The Globe on Wednesday published an in-depth report that detailed the turmoil in the Red Sox clubhouse and the manager’s inability to do anything about it.
"A lot of stuff that was said is pretty much not fair and it hurts, man,” Pedroia said via phone from Mexico, where he was vacationing. "It's not good."
In particular, Pedroia, who had a close relationship with his now-former skipper, was ticked that someone in the organization would talk that way about Francona, who the second baseman said has “had everyone’s back since Day 1.”
“He’s protected every single guy in that clubhouse and that's why I respect him like you can't believe,” Pedroia said. "Whatever job he gets, if he needs me for a couple of games or whatever just let me know, I'll go play for free. That's how I care about this guy. This guy is my family.
"For him to have to deal with this, he's the best manager in the history of the Red Sox organization. He won two World Series, look at the run that he had there, it's pretty remarkable. That's the part that hurts and whoever the person it is that's saying this I think they need to take a step back and kind of look in the mirror and understand what they're saying about a guy. A lot of guys in this organization have his back and I'm one of them."
Pedroia also took issue with the notion that disinterest and a lack of passion was behind the team’s September slide.

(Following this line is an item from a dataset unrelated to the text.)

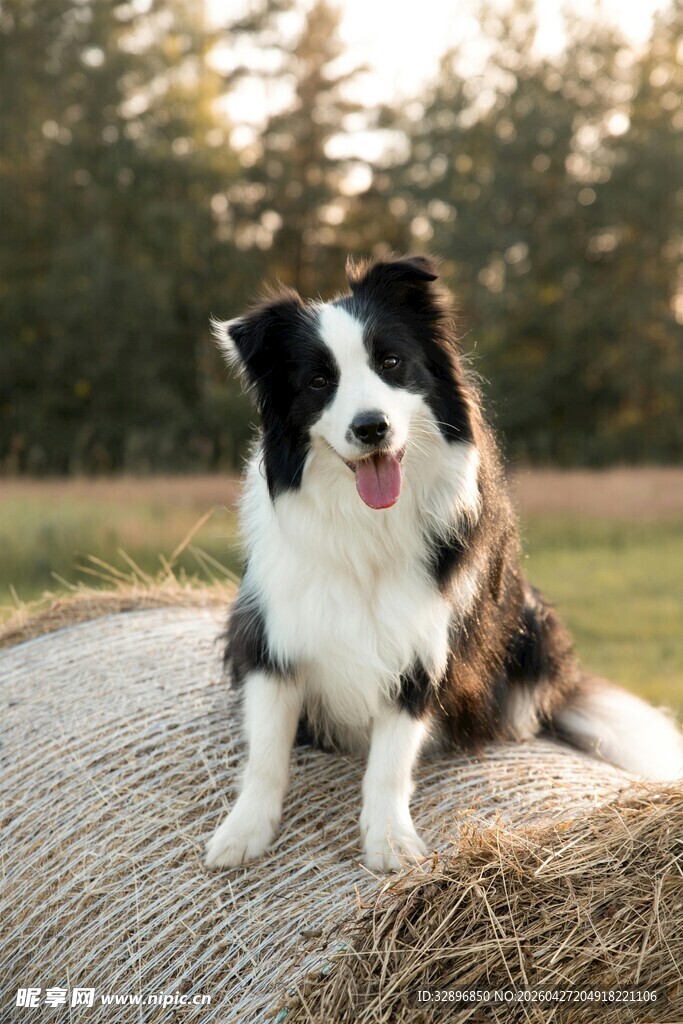 边牧趴卧在草垛上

In Pedroia’s eyes, the reason behind the slide is simple: “We ran out of gas.”
“We had the best record in baseball up until September and then we ran out of gas,” Pedroia said. "We didn’t play well in the end. That doesn’t have anything to do with Tito or Theo or any players or what went on in the clubhouse. The leadership was there. We had guys that cared. We just didn’t play well in the end. That’s it.
“You guys in the media point fingers and say 'some guys were out of shape, some guys were drinking in the clubhouse ... .' But that’s not the case. We didn’t play well. That’s the bottom line. It’s not Tito's fault. It’s not anybody’s fault. We didn’t play well. It’s our whole team’s fault. We didn’t win games when we needed to. That’s why we didn’t make the playoffs and that’s why our season ended."
Pedroia was adamant that a lack of motivation was not an issue with the Red Sox.
“I played for (Francona) for five years and he never had to motivate me,” Pedroia said. "When you play in an environment like Boston, a manager shouldn’t have to motivate you. You should be self-motivated. … And to be honest with you, we were (motivated). Everyone in that clubhouse wanted to win the World Series.”